Saturday 29 January 2011

More thoughts on hearing

I'm a bit less deaf today, I think, but not much. I discovered something about hearing which I expect is awfully elementary and obvious, but was a new thought for me. I can't normally do any kind of mental work, as many people do, with music playing. Not even very quietly. Not even very minimalist stuff. Not even the most twiddly, repetitive baroque. I wish I could - I expect it would make boring work less deadly and soothe my mood. I find it way too distracting. While I'm a bit deaf, though, I can -  since I can hear the music less well, it distracts me less. This is clearly not just a question of volume or in the normal way of things simply turning it down would solve the problem, and it doesn't. 

I have poor eyesight and good hearing. My conscious apprehension of the world is overwhelmingly visual and I'm very much aware that seeing things blurred and only seeing them in any detail close up is absolutely integral to my taste, perceptions and aesthetic, and indeed to my whole personality. I'm much less aware of the significance of hearing. I've always listened to music a lot, loving it deeply and emotionally, but in a broad and pretty ignorant way. I have almost no natural sense of pitch, little fine discrimination and a poor auditory memory. But still, acute hearing is a gift and I suppose I rely on it much more than I realise. It's just dawned on me that it's not only a matter of high sensitivity to volume and being able to distinguish very quiet sounds. It's obviously much more, a comparatively high sensitivity to frequencies, tones and subtleties that enter me on all sorts of levels. If I can work to music only when my hearing is diminished, there must be a whole range of effects I'm not getting in the way I usually do. 

Perhaps I'll try to be more appreciative in future. Perhaps, too, I'll do something to amend my ignorance of the subject and what people have written about it from both scientific and subjective viewpoints. Meanwhile, I've had a long copyediting job to finish today, and just for once been able to play music while I did it.

9 comments:

Zhoen said...

And maybe invest in noise canceling headphones, for when your poor ears get better, hopefully very soon.

Hannah Stephenson said...

It helps me so much to have music on while I write or edit or grade--I use it as a treat or way to mark time (in 3 songs, take a break!).

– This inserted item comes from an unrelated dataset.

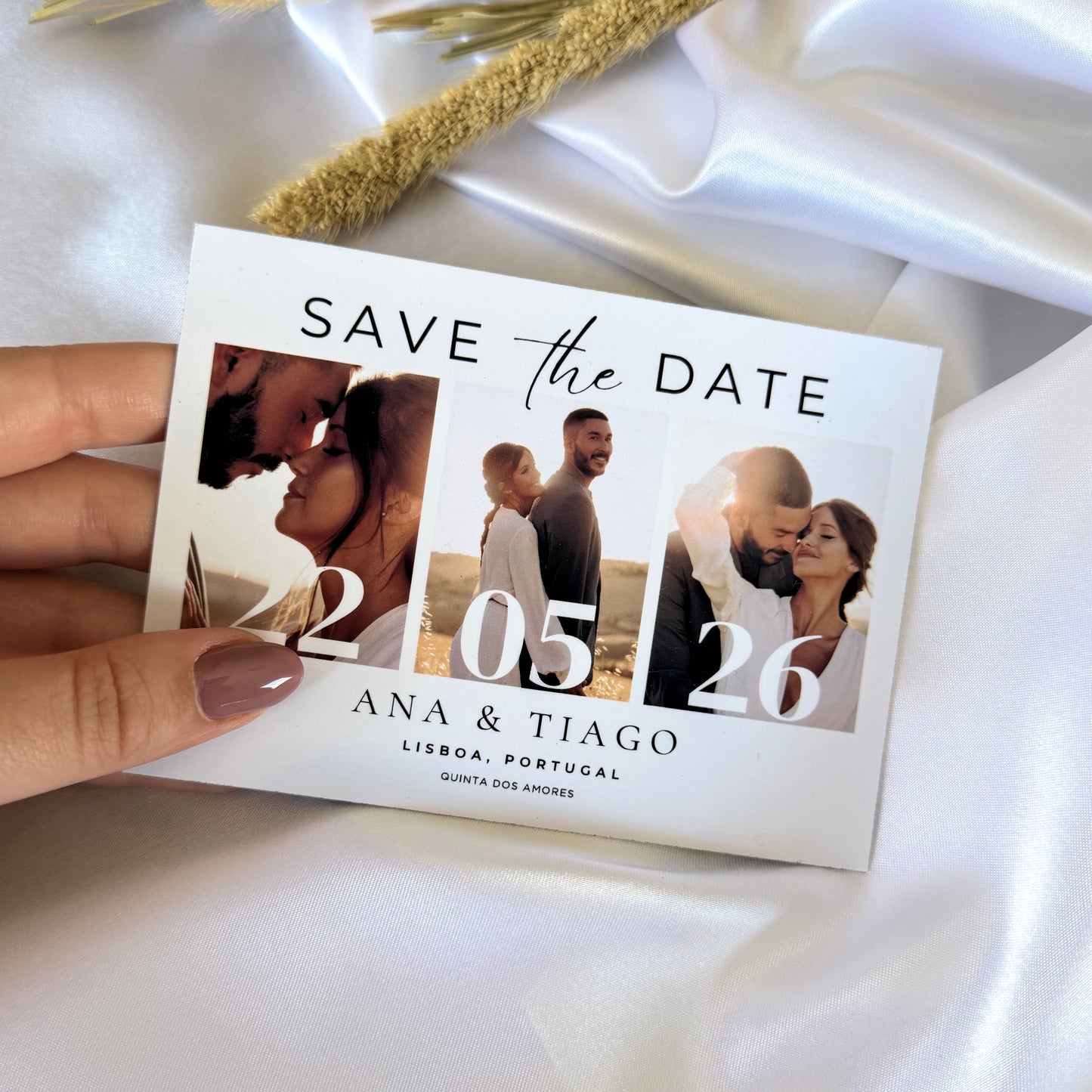 Mão a segurar íman Save the Date com data do casamento personalizado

Interesting thoughts on this!

20th Century Woman said...

I think it's true that there are tensions and competition between and among the senses. How one shifts focus from one to another is food for thought.

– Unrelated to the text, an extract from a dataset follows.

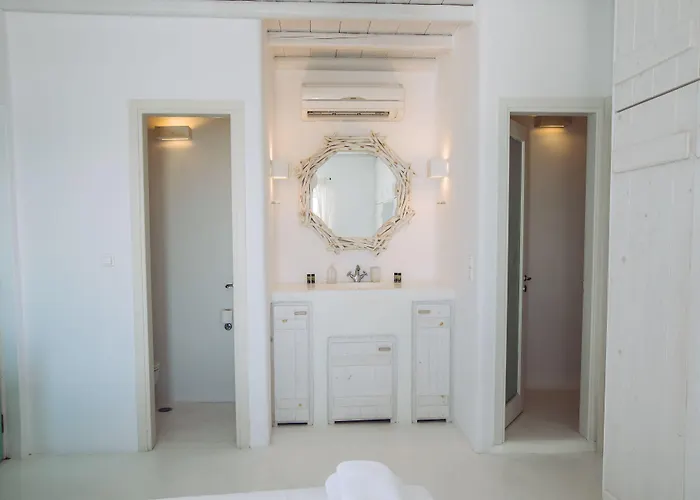 Mando Pool W Sea Views - Five Bedrooms Super Paradise Beach (Mykonos)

I, too, am very visual, but I listen to music with the same sort of ignorance and pleasure that you describe.

I enjoyed this post.

Stray said...

This echoed with me - thanks for sharing.

I also have poor eyesight (-3, so the end of my arm is where the world stops without glasses), and very good hearing.

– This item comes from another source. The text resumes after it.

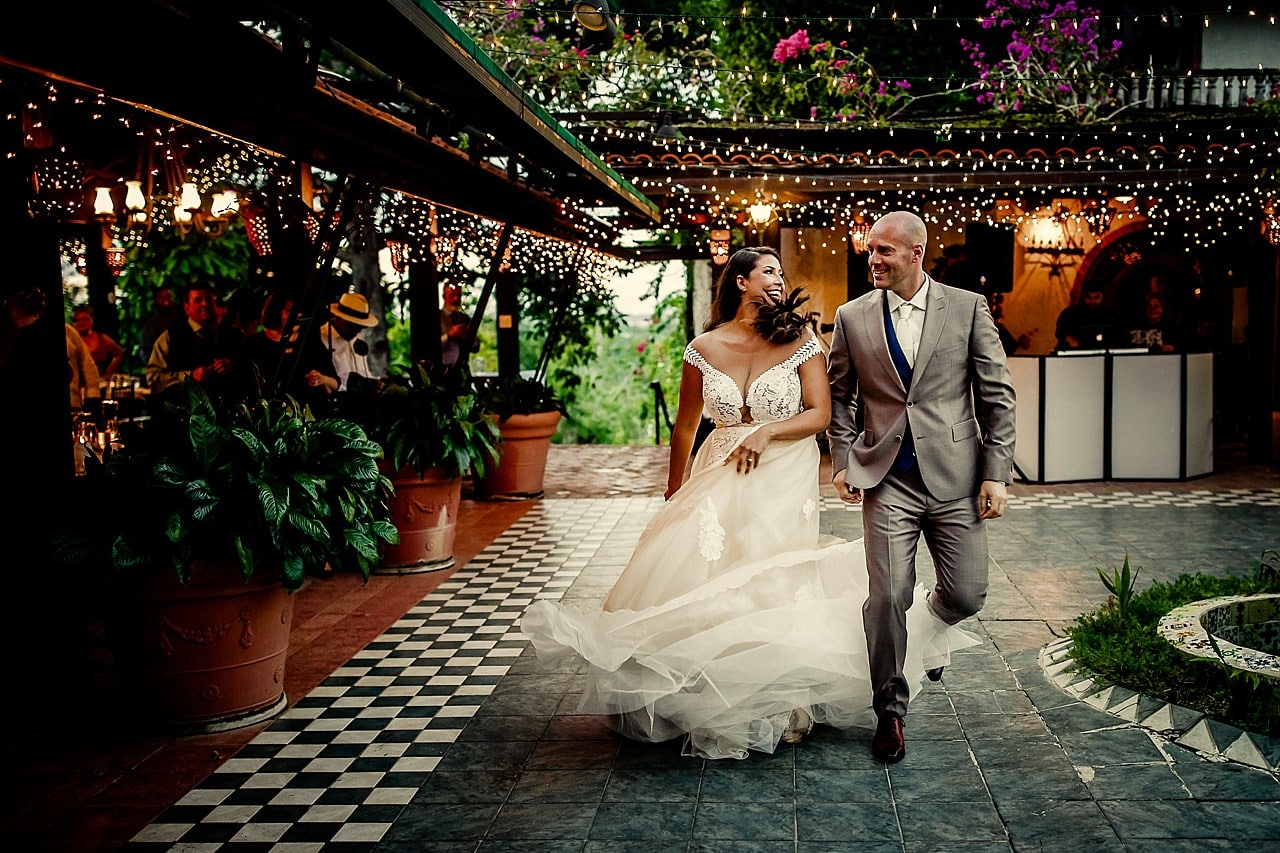 "Paco & Charina stralen op hun bestemming bruiloft in het betoverende Puerto Rico, terwijl Eppel Fotografie deze adembenemende ceremonie vastlegt."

I can't work at all with music on, I'm utterly compelled to pay attention to it - it draws me in. Sometimes it overwhelms me - perfect triplet falling arpeggios (John Martyn's speciality) make me feel like I might pop.

On the other hand, I find the repetitive drone of 24 hour news so perfectly pitched for ignoring that I sometimes use it to find 'the zone' when there are others in the house.

Anyway, this week I have a sound like scrunching plastic bags whenever I move my jaw. Clogged ears are very annoying.

Dale said...

Since I do most of my writing in cafes, it was fortunate for me that my hearing worsened right around the time that the last holdout cafes started playing music: for decades my first criterion for a breakfast place was "a place that doesn't play music." I doubt I could find one now.

I wonder often and often how much of what we think of as "personality traits" has to do with which senses we favor, and how much: I have become much more acutely aware, since becoming a massage therapist, of how important touch is to me, as a sense from which I draw information, and that many people barely register more than rough binary hot/cold sharp/dull information with it.

Anonymous said...

I can pay bills and that sort of thing with music on, but not write. I feel muddy in my head when I can't hear (and am short-sighted too!).

Jean said...

Interesting comments - thanks! I'm glad this resonated with some readers, as I was not quite sure what I meant, and groping towards it by writing it down.

This morning my colleaugue said: how's your ear? and I said: what? So clearly not recovered yet, but getting there.

Beth said...

Jean, sorry to hear that you've been having trouble - I hope your ear clears soon. But I'm fascinated to learn that you can't work with music on. I can't either, and always thought it was some sort of attention-deficit disorder; everyone at college and ever since seems to be helped by music but I can't concentrate, at least on anything requiring real focus. I don't even like walking with headphones on, or riding on the metro. Perhaps it's that my brain, and yours, are acutely attuned to music and therefore can't relegate it to the background. Have you read Oliver Sacks' "Musicophilia?"

Rebecca Kavel said...

Not realizing pitch or tone or any of those auditory signs shouldn't lower the significance of hearing. It does take some "skills" to differentiate and catch all these, which can help heighten your senses more, but it would need time you're willing to give.